姚静兰招呼着众人坐下,让陆景丰不要客气,喜欢什么就自己夹。
霍长风向来是个能隐藏好自己情绪的人,喜怒不形于色,姚静兰没有意识到什么不对。
可坐在霍长风身边的穆晴萱却敏锐地发现了他的情绪异常。
他垂眸时,睫毛在眼下投出浓重的阴影,喉结随着咀嚼动作剧烈滚动。
穆晴萱咬了咬唇,往他碗里夹了根油麦菜。
筷尖碰到他的碗沿,发出细碎的响。
霍长风抬眼,眸光晦暗不明,眼底翻涌的暗潮让穆晴萱心头一紧。
穆晴萱用眼神问他,是不是心情不好?
霍长风只是吃掉了那根油麦菜,避开了穆晴萱的视线,没有回复。
穆晴萱皱了皱眉。
刚想仔细问问,又反应过来现在场合不合适,便压下心头的疑问。
等到吃完饭,姚静兰招呼着陆景丰让他先住在家里的客房,夜色太深了,一个人走夜路不安全。

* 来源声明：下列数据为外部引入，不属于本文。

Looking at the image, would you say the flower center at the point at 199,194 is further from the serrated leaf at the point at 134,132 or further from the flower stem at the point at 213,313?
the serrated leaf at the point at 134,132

陆景丰下意识地看向穆晴萱,直到穆晴萱也点头后,他才安心地答应下来。
“谢谢穆同志,谢谢奶奶。”
穆晴萱再一转头,发现霍长风已经独自把碗筷洗完,又回到了卧室。
她急忙追进去,问:“老公,你怎么了?”
霍长风瞥了一无所知的穆晴萱一眼,插在口袋里的右手捏了捏口袋里的物什。
他心里憋着一股火,却又无处可发。
“没事。”他的声音闷得像塞了团棉花
“你明明有事!”穆晴萱的声音里带上了怒气,
他喉结滚动,想说“我只是吃醋”,却说不出口。
明明八年前,和穆晴萱有过一场缘分的人,是他。
根本不是那劳什子陆景丰。
霍长风解释的话已经到了嘴边,却又说不出来。